A princípio, vale ressaltar que o fator que impede a conscientização das meninas, em relação à questão da menstruação é o machismo, muito presente no cotidiano das pessoas. Para confirmar, é precioso citar pesquisas do Datafolha de 2019, nos quais 96% dos entrevistados afirmaram viver em uma sociedade com desigualdades de gênero. Desse modo, assunto íntimos são considerados constrangedores e são silenciados para aprofundar a precariedade da situação.

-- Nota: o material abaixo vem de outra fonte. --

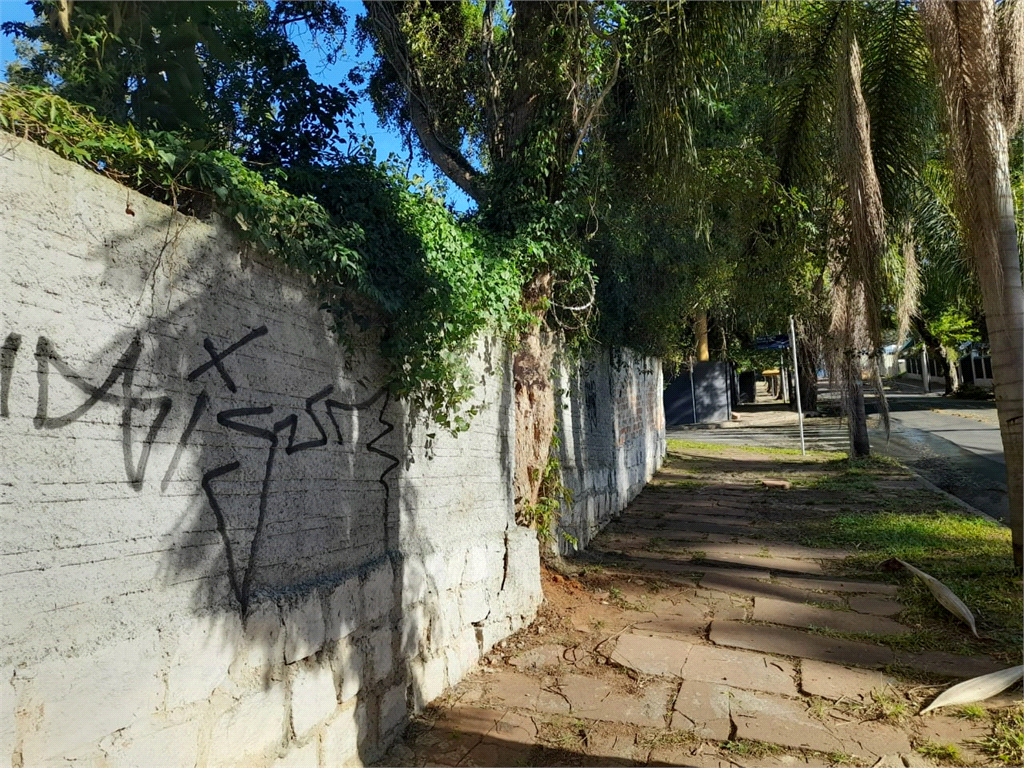 Venda Terreno Porto Alegre Menino Deus REO801453 13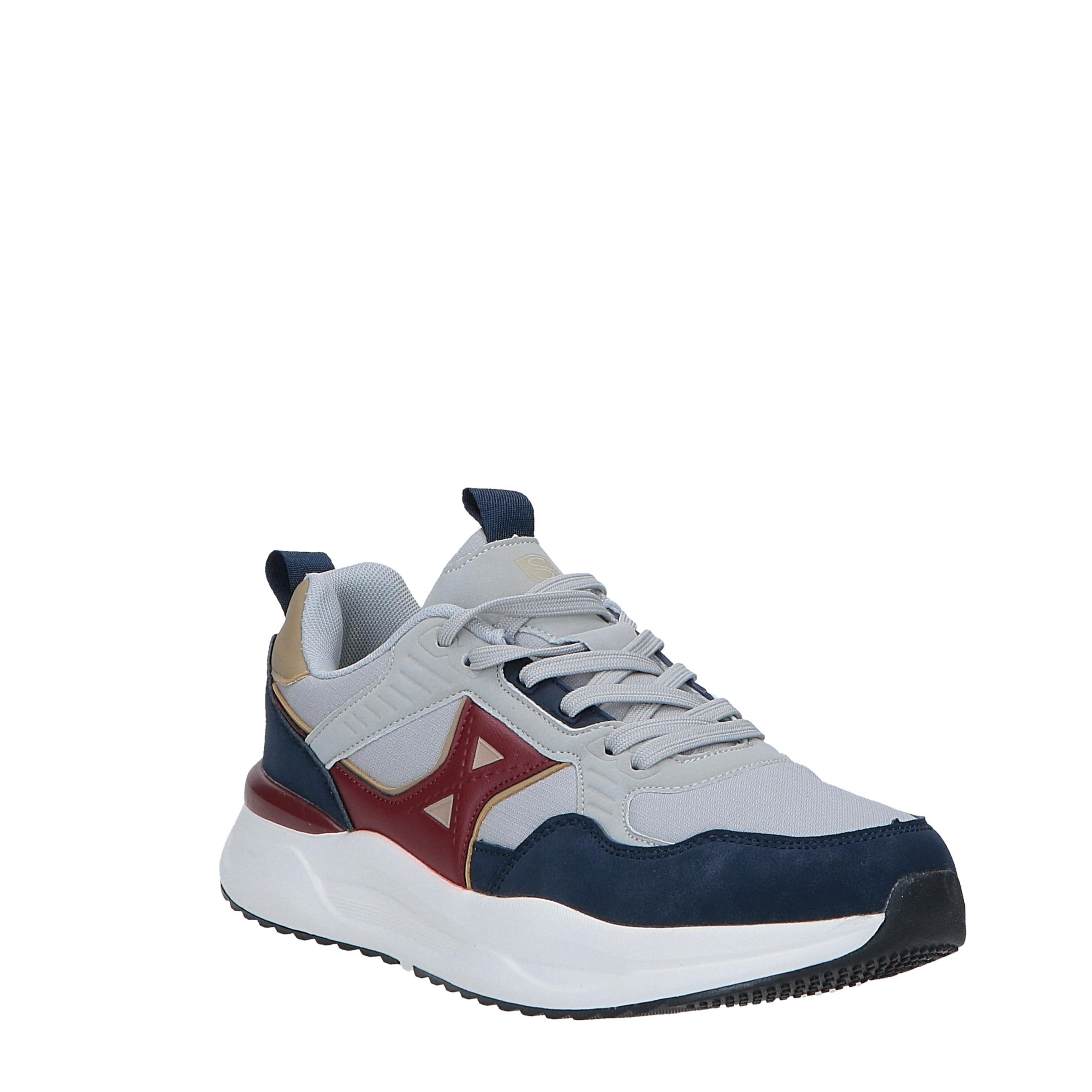 Fiorenzo - Sneakers Uomo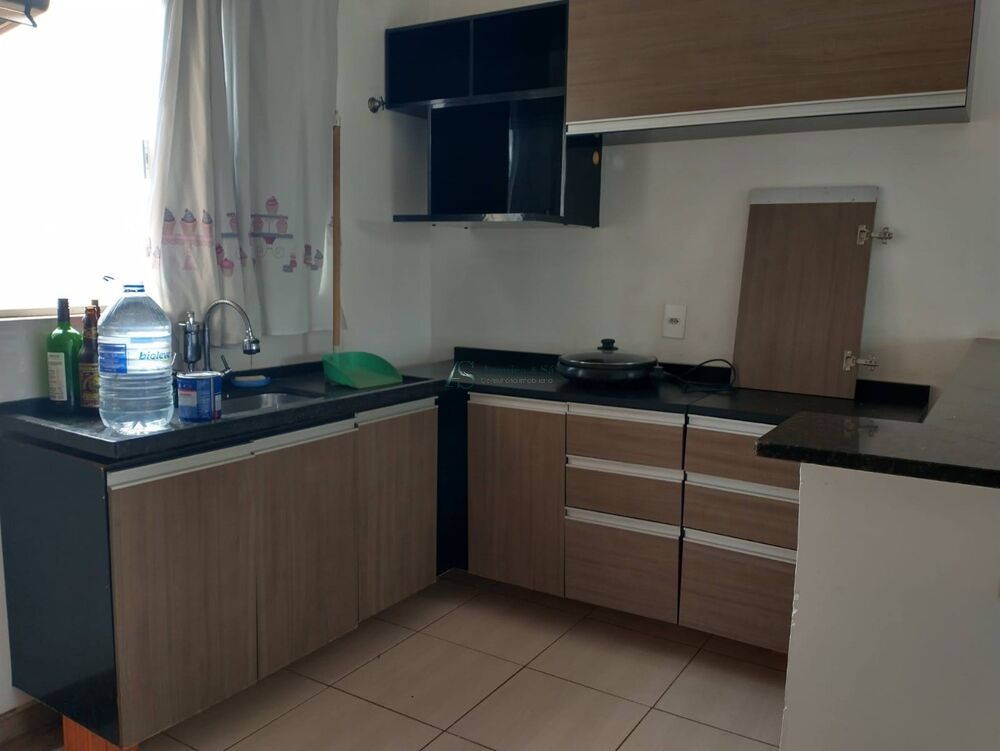 Apartamento, 3 quartos, 69 m² - Foto 7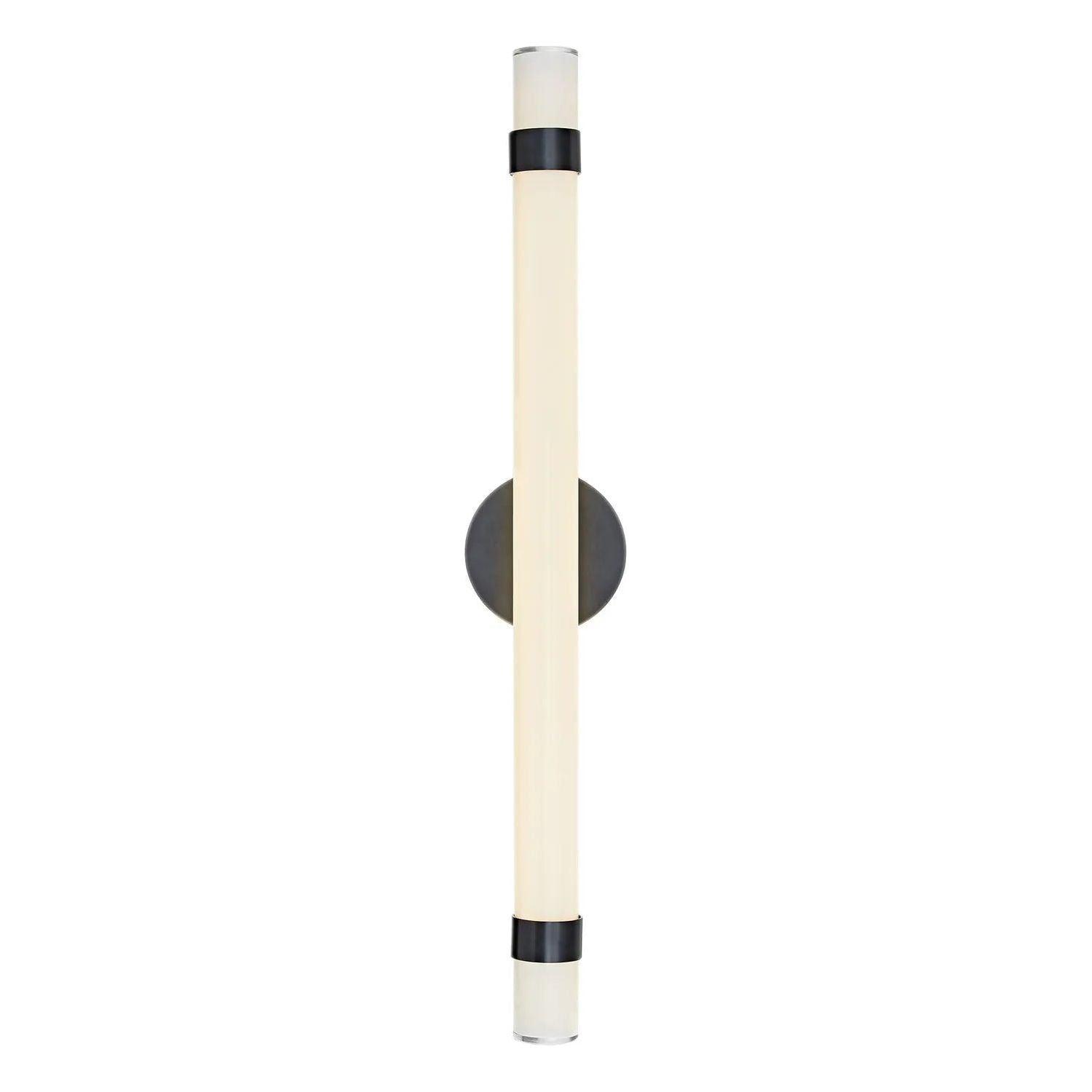 Alora Lighting - Madison LED Vanity - WV324230UBGO - Canada Light Shop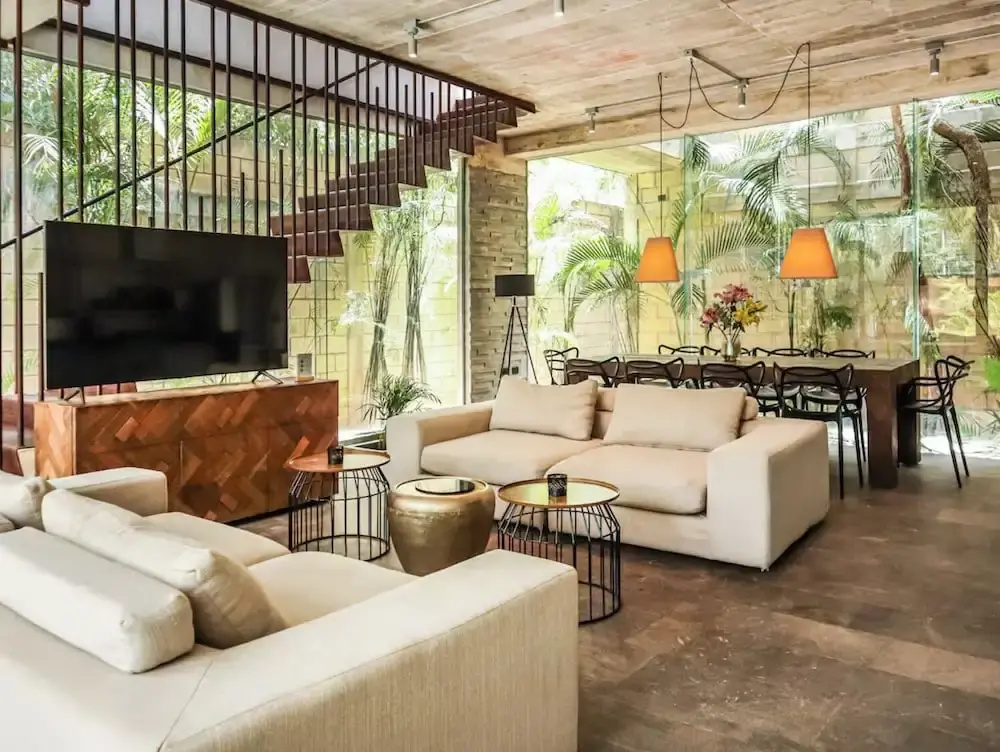 Foto - Hum Living Luxury Villas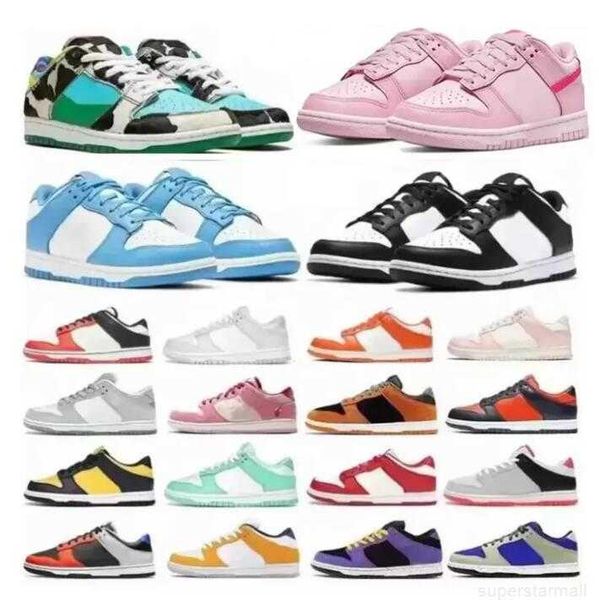 designer dunks sb low mens women skate casual shoes chunky grey georgetown midas atlas lost unc coast chicago black white laser orange train
designer dunks sb low mens women skate casual shoes chunky grey georgetown midas atlas lost unc coast chicago black white laser orange train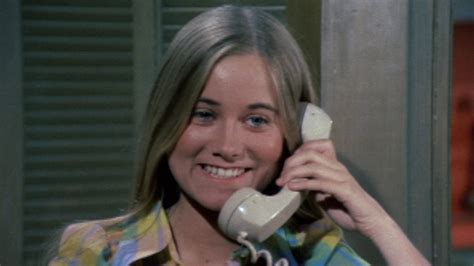 Watch The Brady Bunch Season 4 Episode 16 The Subject Was Noses Full Show On Paramount Plus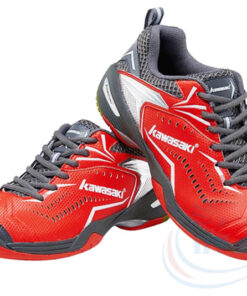 Giày cầu lông Kawasaki K526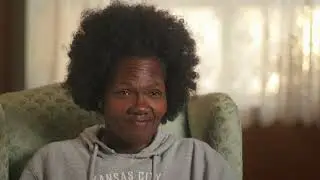Ilka's Story - Full Length
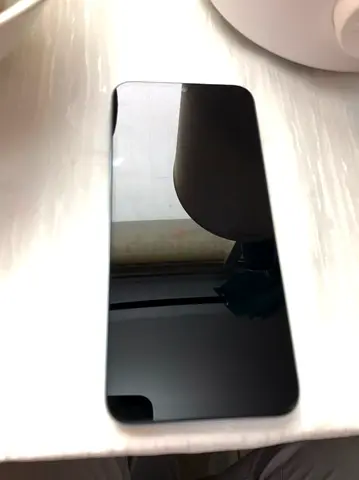 Redmi A7 Pro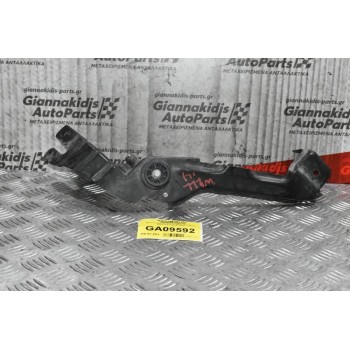 Φανοστάτης Αριστερός Mercedes-Benz E200 W211 2002-2009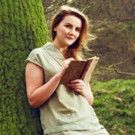 Full Casting Announced for I CAPTURE THE CASTLE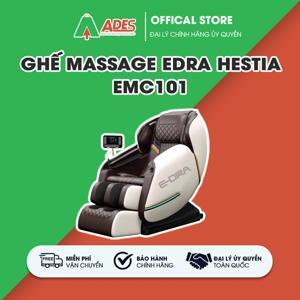 Ghế Message EDRA Hestia EMC101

Ademais, é valioso ressaltar que o governo poderia tomar medidas pelo fornecimento de absorventes, uma vez que este órgão deve garantir o bem-estar geral do povo. Para contextualizar, em análogo ao chanceler alemão Bismarck, “A política é a arte do possível”. Contudo, o sistema político brasileiro falha em assegurar recursos básicos às mulheres diante de fatores da natureza humana. Dessa maneira, é preciso pressionar o Estado para dar fim a este empecilho.
Por conseguinte, é imprescindível que a mídia ligada às escolas, difusoras de informação, conscientizem as mulheres, por intermédio da criação de projetos de conscientização diante da temática menstrual, de modo a incentivar conversas e debates interativos, de forma confortável e segura. Outrossim, o SUS, Sistema Único de Saúde, deve distribuir absorventes nas unidades médicas de comunidades carentes, por meio de verbas governamentais. Assim, o Brasil vai combater a pobreza menstrual.